Sadr may be an option
The results of the last election strengthened Sadr’s position in his desire to limit the PMF as the rival militia-allied political groups suffered at the ballot box. Sadr called on Iran-backed militias to disarm if their political groups want to join the government. In this context, the majority government that Sadr would like to form with the Kurds and Sunnis has the capacity to limit the PMF.
However, it is clear that in a government scenario in which pro-Iranians are not involved, the militias will target the US presence and Iraqi political actors. While Sunnis and the KDP are aware of this, they may go forward with Sadr’s plan to monopolise weapons in the hands of the state. However, it is important to remember that Sadr is also a former leader of an effective militia force, Saraya al-Salam. By trying to prevent Iran-backed militias, Sadr may aim to eliminate or limit his alternatives in the security field.
A government with no or weak pro-Iranian groups’ participation would allow for warmer relations with the Gulf and Turkiye. Considering the PMF’s threats and attacks against the Gulf states and Turkiye, both Ankara and Riyadh could support the Baghdad government in limiting the PMF by backing the new government and encouraging more cohesion for the Sadr-led anti-Iran coalition.
Furthermore, depending on the trajectory of the Iran nuclear deal, the PMF may be limited outside of Iraq. The US, which has long claimed that the mission of the PMF has come to an end, is expected to adopt a more supportive stance in limiting the group.
Can Sistani be a solution?
The long-standing rivalry about the centre of the Shia world, between Najaf in Iraq, led by Grand Ayatollah Ali al-Sistani, and Qom in Iran, led by Ayatollah Khamenei, has had a negative effect on the PMF.
Sistani could limit the power of the PMF: in 2014, he issued a fatwa for Iraqis to take up arms against Daesh. A similar fatwa could bring an end to the PMF. The brigades close to Sistani, known as Hashd al Atabat, already left the PMF in 2020 due to the PMF’s pro-Iran stance. However, Sistani refrains from commenting on daily politics, which, combined with the fear that his fatwa will not find a response – which would hurt his credibility – might cause him to abstain from this issue. Moreover, the fact that the PMF is a legal part of the Iraqi security mechanism is an obstacle to Najaf's possible intervention.
Meanwhile, however, the PMF is in a relatively weakened state: Iran reduced its economic aid to Iraqi militias due to increased sanctions and the US withdrawal from the nuclear deal, and the killing of Iranian general Qasem Soleimani in 2020 also damaged the motivation of militias. Furthermore, their loss at the ballot box in the last elections accelerated this situation.

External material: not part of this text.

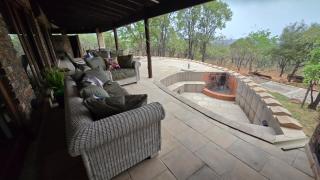 13 on Highlands Private bushveld retreat & pool - 4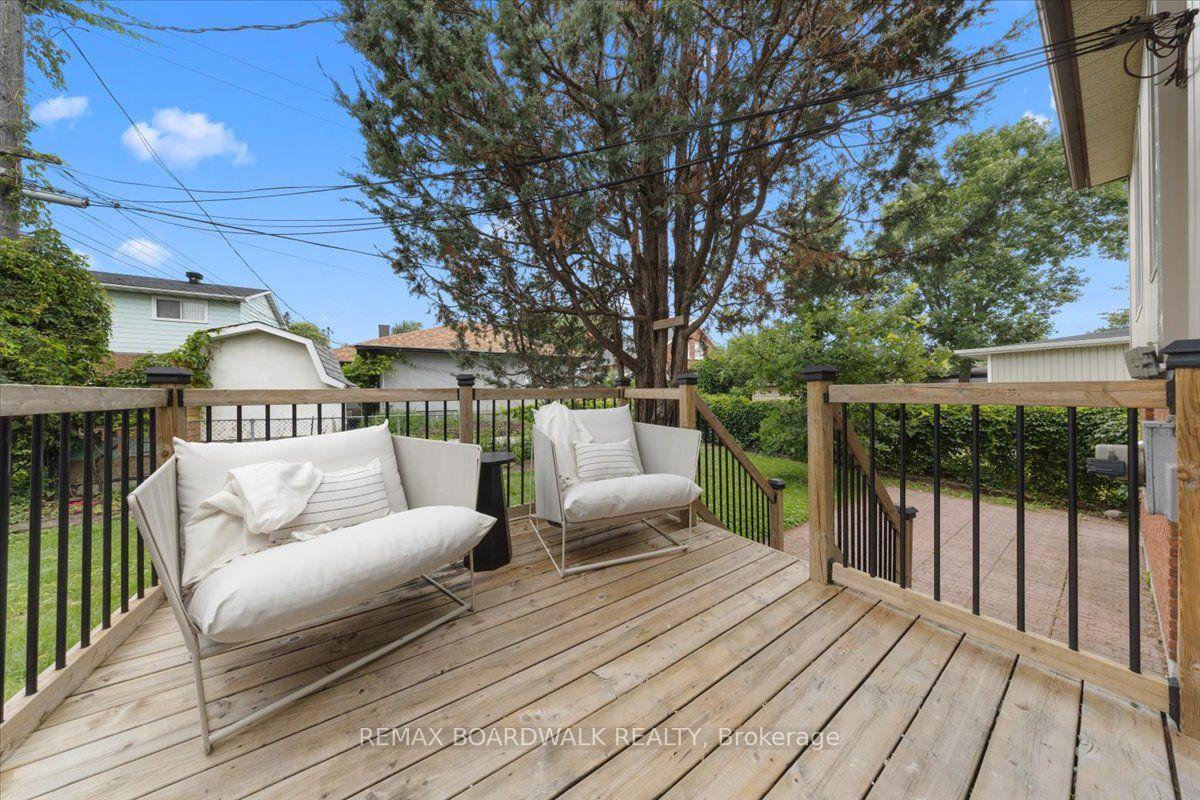 Photo 29 of 1219 Notting Hill Avenue, Ottawa, Brookfield Gardens — HOMEH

While Sadr is aware of their weakness and attempts to turn the process in his favour, pro-Iranians will try every way to avoid being left out of the government.
If Sadr fails to form a government, it is inevitable that the PMF will further consolidate its power, as pro-Iranian factions like the Fatah Alliance or former PM Nouri al Maliki’s State of Law bloc are the only other groups able to form governments. The possibility that they are strong in the new government will further accelerate the transformation of the PMF, which operates like the Lebanese Hezbollah, and wants to function like Iran's Revolutionary Guards.
The collapse of the state apparatus in Iraq after 2003, corruption, instability, and a lack of justice fed the militia culture. Iranian influence in Iraq and the lack of control of militias will continue to be a matter of discussion if there is no determination to limit the PMF.
The way to do this is to form a government that is eager to break Iran's influence and to take on the risk of clashing with the militias. However, right now, this is a far-off possibility in Iraq.